Kein Ausweg: Auch Widerruf und Anfechtung griffen nicht

Der Beklagte hatte sich auf Widerruf und Anfechtung berufen, vergeblich:

  • Der Widerruf sei verfristet gewesen (§§ 355, 356 BGB).  
  • Die Anfechtung wegen Täuschung/Drohung (§ 123 BGB) sei nicht ausreichend substantiiert und blieb unbelegt.

Auch ein Verstoß gegen die Formvorgaben des § 656a BGB wurde verneint. Die Erklärung des Verbrauchers lag in Textform vor (per E-Mail), wie gesetzlich vorgeschrieben.

Kausalität gegeben: Ohne Maklerin kein Vertrag

Der Käufer hatte eingewandt, er habe das Objekt bereits vorher durch eigene Recherchen gefunden. Das überzeugte das Gericht nicht. Die Maklerin hatte eine Besichtigung organisiert und einen konkreten Kontakt zur Verkäuferin hergestellt – ein klassischer Nachweis i.S.v. § 652 Abs. 1 Satz 1 BGB. Die Nachweistätigkeit sei daher zumindest mitursächlich für den späteren Kaufvertrag gewesen.

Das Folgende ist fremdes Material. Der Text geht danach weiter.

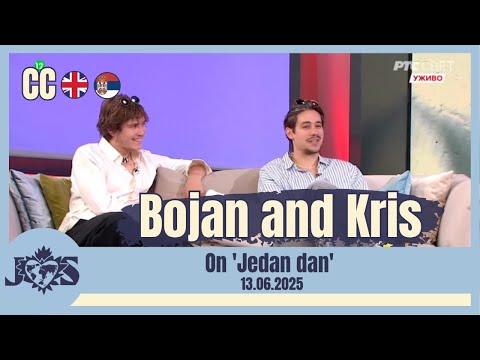 [ENG SUB] Bojan Cvjetićanin and Kris Guštin on 'Jedan dan', RTS Serbia (13.06.2025)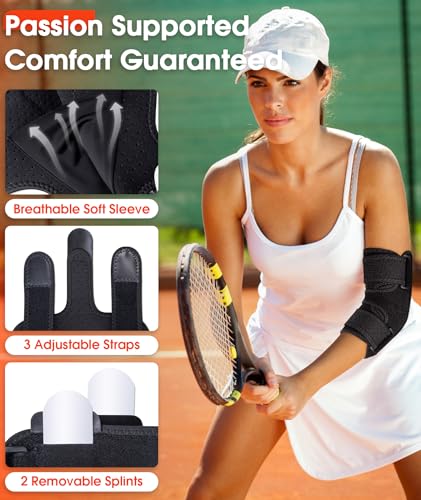 OXYSAIKO Elbow Brace for Cubital Tunnel & Ulnar Nerve Support – Adjustable Night Splint for Tennis Elbow, Tendonitis & Nerve Pain – Comfortable Elbow Stabilizer for Men & Women Fit Most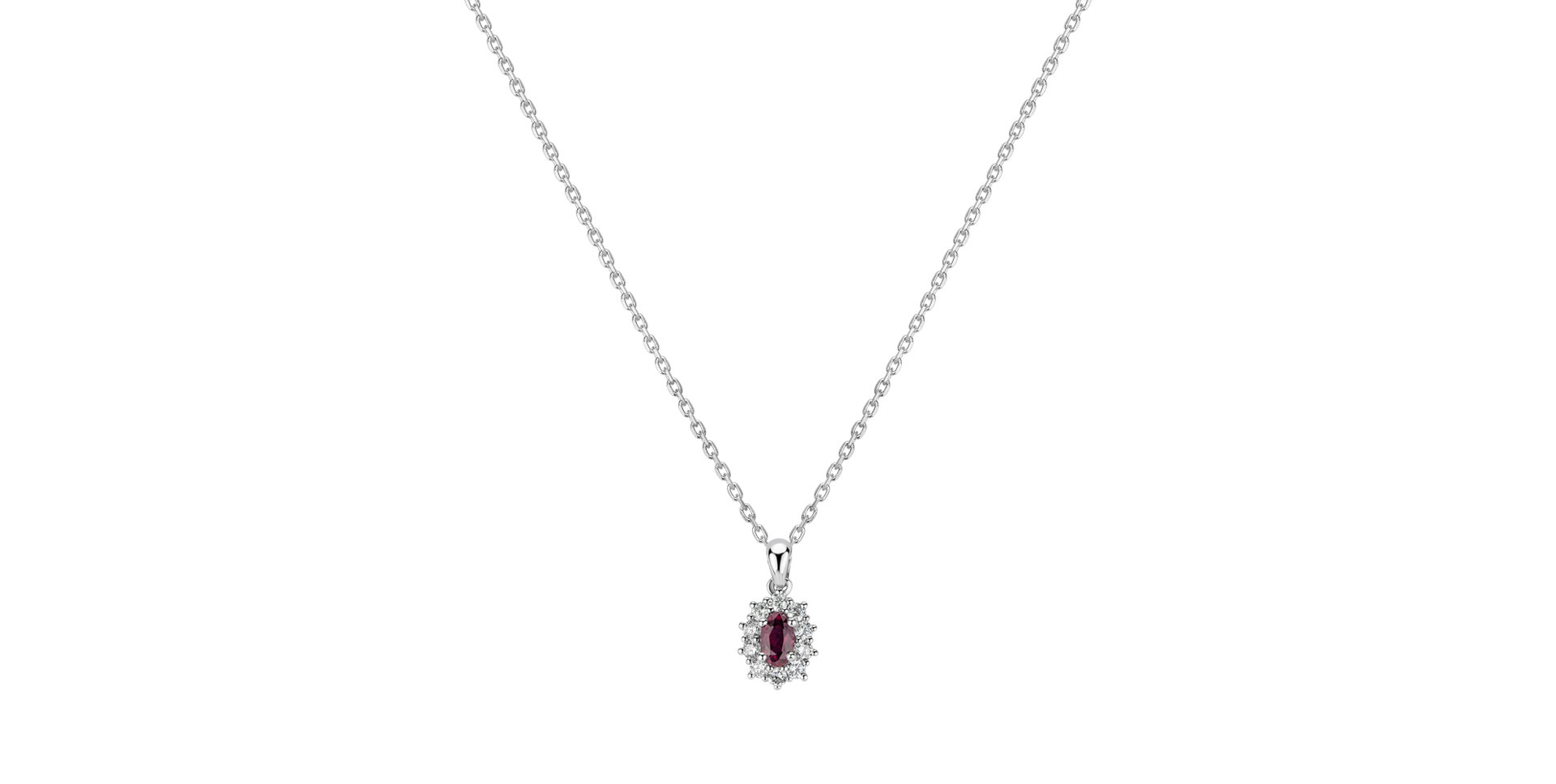 Diamond pendant with Ruby Princess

Fazit: Klarheit für Makler, aber Vorsicht bei der Button-Beschriftung

Das Urteil des OLG Stuttgart bringt zwei zentrale Erkenntnisse:

  1. Maklerverträge im elektronischen Geschäftsverkehr sind nur dann sofort wirksam, wenn die Button-Lösung gesetzeskonform umgesetzt wird, konkret: mit der Aufschrift „zahlungspflichtig bestellen“ oder einer gleichwertig klaren Formulierung.  
  2. Ein dennoch geschlossener Vertrag kann aber wirksam werden, wenn der Verbraucher ihn später ausdrücklich oder konkludent bestätigt, zum Beispiel durch die Inanspruchnahme von Leistungen mit Kenntnis der Kostenpflicht.

Das Urteil ist auch ein Weckruf an Makler, ihre digitalen Prozesse dringend auf eine rechtskonforme Button-Gestaltung zu überprüfen, und zwar auch dann, wenn sie davon ausgehen, dass zunächst keine unmittelbare Zahlungsverpflichtung für den Kunden entsteht. Denn selbst eine spätere („nachgelagerte“) Zahlungspflicht reicht aus, um die Anforderungen des § 312j BGB auszulösen.

Rechtsmittel ausgeschöpft? Revisionszulassung abgelehnt

Das Urteil ist nicht rechtskräftig, aber es wurde keine Revision zugelassen. Eine Beschwerde zum Bundesgerichtshof (I ZR 159/24) ist allerdings anhängig, bleibt abzuwarten, ob die Thematik dort doch noch weitergeführt wird.